_MATERIALS PROVIDED_
- - - - -

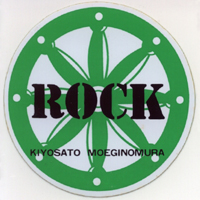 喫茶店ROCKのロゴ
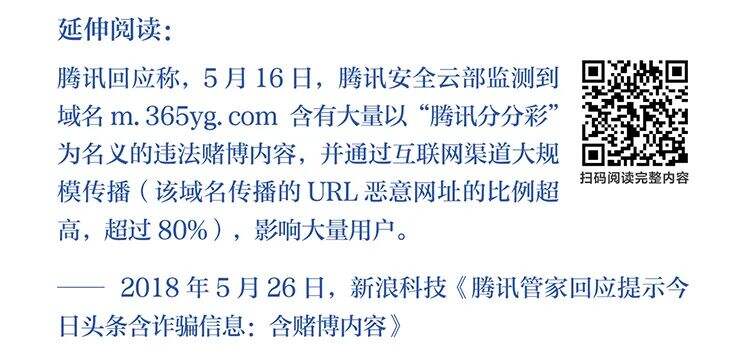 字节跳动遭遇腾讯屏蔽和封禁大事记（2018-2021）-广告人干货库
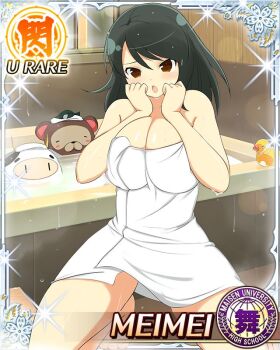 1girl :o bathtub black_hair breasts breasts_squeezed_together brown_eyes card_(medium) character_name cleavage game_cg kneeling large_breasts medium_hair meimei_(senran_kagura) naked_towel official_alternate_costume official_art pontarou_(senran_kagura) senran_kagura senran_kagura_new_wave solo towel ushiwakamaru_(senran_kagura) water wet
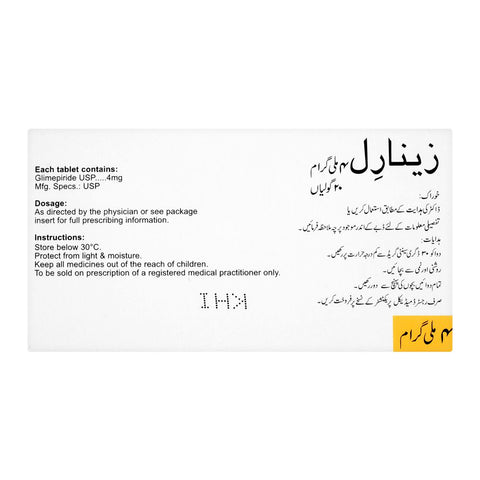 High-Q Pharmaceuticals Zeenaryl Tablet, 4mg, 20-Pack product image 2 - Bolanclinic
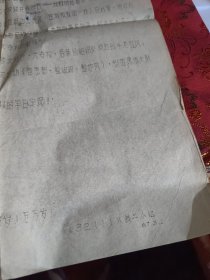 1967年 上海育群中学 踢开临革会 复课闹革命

- - - - -

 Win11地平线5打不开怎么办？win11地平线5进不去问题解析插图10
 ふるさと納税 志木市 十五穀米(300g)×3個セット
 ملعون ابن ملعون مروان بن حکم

- - - - -

_EXERCISE BRIEF_
Give exactly the lines above that run from the line with "1girl :o bathtub" to the line with "1967年 上海育群中学 踢开临革会 复课闹革命", both included, leaving every picture out.

_ANSWER SPACE_
 1girl :o bathtub black_hair breasts breasts_squeezed_together brown_eyes card_(medium) character_name cleavage game_cg kneeling large_breasts medium_hair meimei_(senran_kagura) naked_towel official_alternate_costume official_art pontarou_(senran_kagura) senran_kagura senran_kagura_new_wave solo towel ushiwakamaru_(senran_kagura) water wet
 High-Q Pharmaceuticals Zeenaryl Tablet, 4mg, 20-Pack product image 2 - Bolanclinic
 1967年 上海育群中学 踢开临革会 复课闹革命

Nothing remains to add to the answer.